Les voix, la lumière, la liberté ; tout lui paraissait si irréel, si…

— Quoi ?

— Son Excellence désire te rencontrer.

— Mais… et mon exécution ?

— Nom d'yvil, il a l'air déçu, le bougre.

Kamu tenta d'ouvrir les yeux, la main plaquée sur son visage, mais il se retrouva quand même aveuglé par la faible aura qui s'échappait d'entre ses doigts. Il se releva, les yeux douloureux et larmoyants. La sensation des lances contre son torse ne se fit pas attendre.

— Dépêche-toi, il t’attend.

— Le… le Château ?

— En personne. Aller, magne-toi.

— Mais…

— Bouge !

Les pointes affûtées insistèrent, puis se retirèrent. Kamu s'obligea à entrouvrir les yeux pour distinguer l'encadrement de la porte, libéré par les Garde-pleurs. Il manqua de trébucher en sortant dans le couloir, et ne s'aperçut qu'à cet instant des plaintes des autres prisonniers. Il s'y était habitué.

— Pourquoi veut-il me voir ? J'ai déjà tout dit à la Seconde, je ne…

Une violente tape à l'arrière du crâne le fit taire.

— Avance, tu verras bien.

Kamu suivit le Garde-pleurs comme il le put jusqu'à l'escalier, au-delà de la grande porte des cachots. Il garda ses yeux ouverts avec peine, les lances des autres fermement pressées contre son dos. La douleur s'accentuait à chaque marche qu'il grimpait en raison de la lumière qui s'intensifiait. Elle lui donnait l’impression de se faire transpercer la rétine par une centaine d'aiguilles chauffées à blanc. Le monde demeurait flou et éclatant.

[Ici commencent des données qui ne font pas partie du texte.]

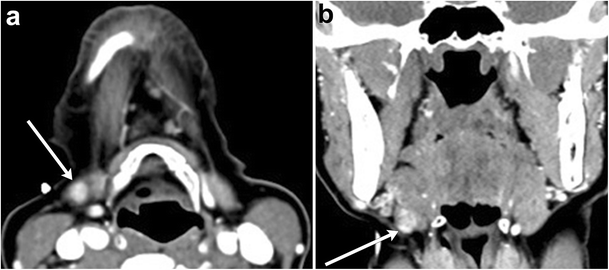 Imaging Of The Sublingual And Submandibular Spaces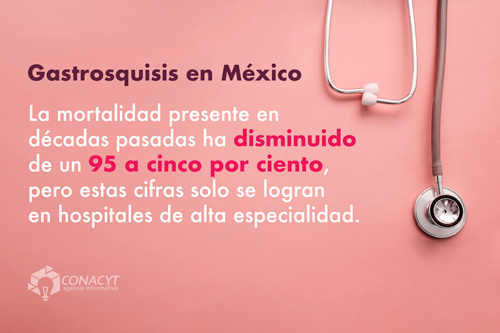 Gastrosquisis, el defecto congénito que desafía a la perinatología en México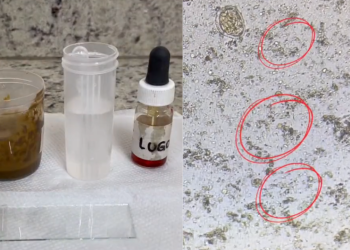Laboratório encontra espermatozoide durante exame de fezes de paciente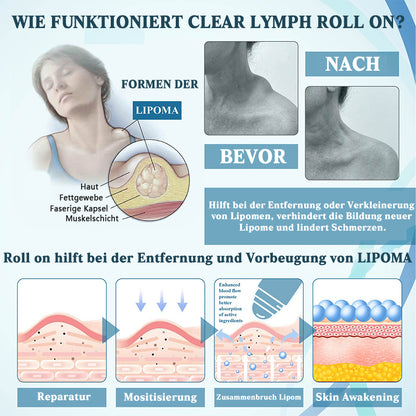 NEGUSY™ LumpsClear Lymph - Sag Lebewohl zu Lipomen und Schwellungen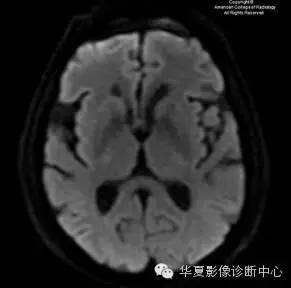 【双语病例】血管周围间隙扩大 【双语病例】血管周围间隙扩大
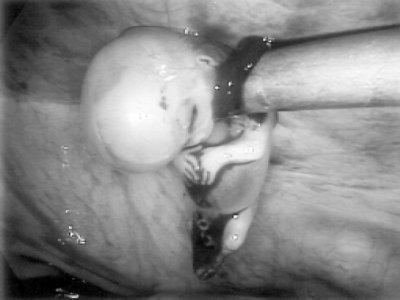 Лапароскопия - трубная беременность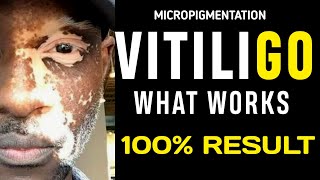 VITILIGO TREATMENTS WHAT WORKS  100  RESULTS [upl. by Frear]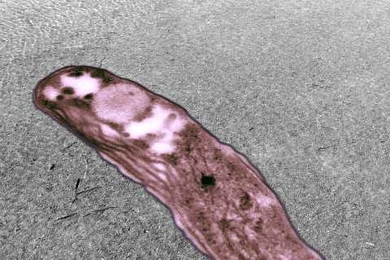 The Rhodopseudomonas palustris strain TIE-1 upon shallow sediments from the Sippewissett Salt Marsh near Woods Hole, Mass. These sediments are well known for colorful microbial assemblages dominated by purple phototrophic bacteria.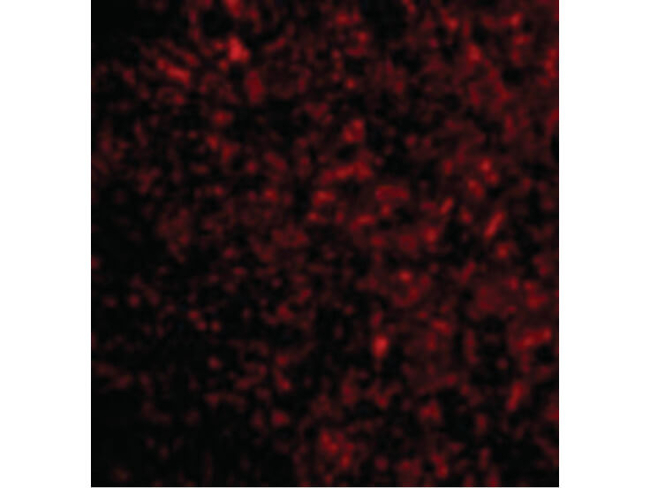 STEAP3 Antibody in Immunocytochemistry (ICC/IF)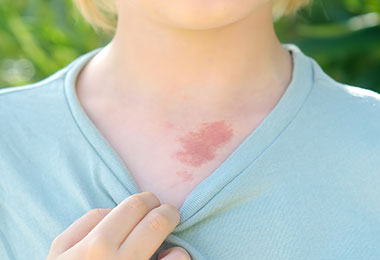 child pulls the collar of their shirt down to reveal a birthmark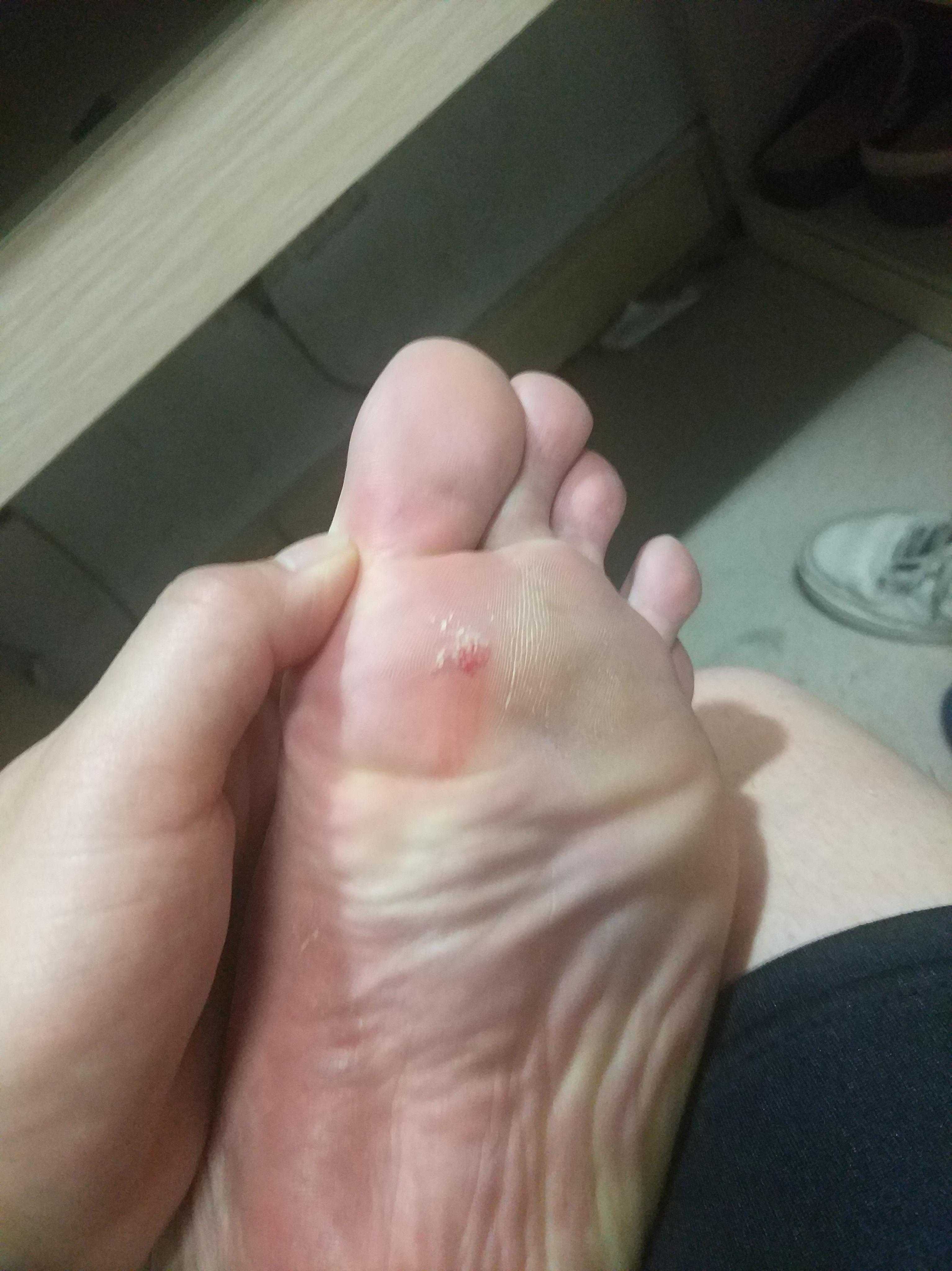 酒精烧脚心虐脚吧_烧脚心吧_用打火机烧美女脚心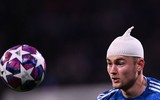 [ẢNH] Trung vệ đắt giá đổ máu vẫn không cứu nổi Juve
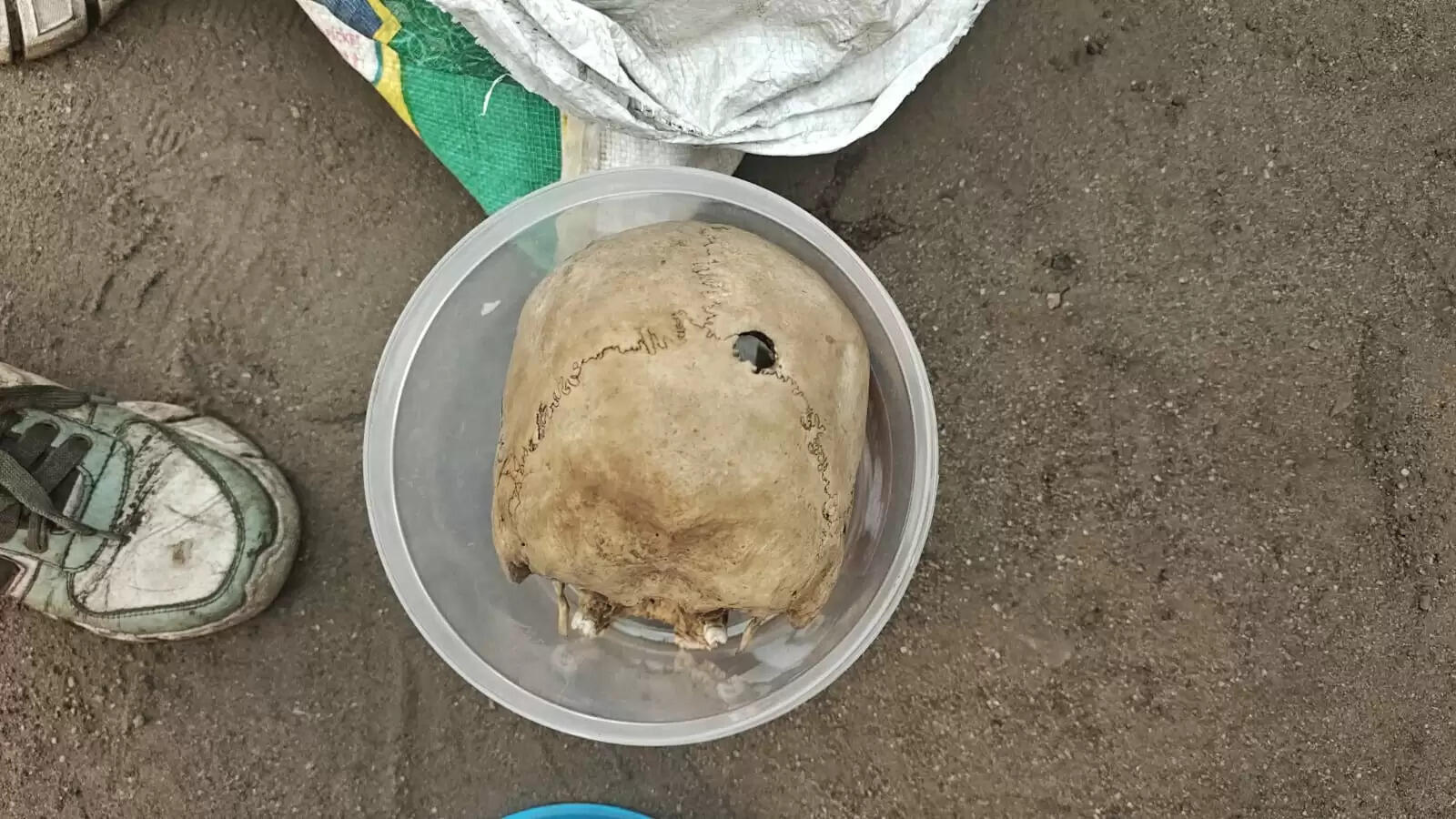 सोनू राम को सिर के पीछे मारी गई थी गोली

Mais cette sensation… l'air semblait si pur, comme une eau fraîche venue le nettoyer de toute la saleté accumulée. Il prit conscience de la crasse dans laquelle il avait mariné pendant… pendant…

— Depuis quand suis-je enfermé ? demanda-t-il alors qu'ils arrivaient dans un couloir à l'écho surprenant.

Kamu fit glisser sa capuche sur sa tête pour se protéger de la lumière du jour qui perçait à travers les fenêtres. Des mosaïques colorées parcouraient le sol en arabesques rappelant le vent.

— D'après l'odeur, je dirais au moins deux mois, marmonna un Garde-pleurs derrière lui. Mais d'après le calendrier, ça fait deux semaines.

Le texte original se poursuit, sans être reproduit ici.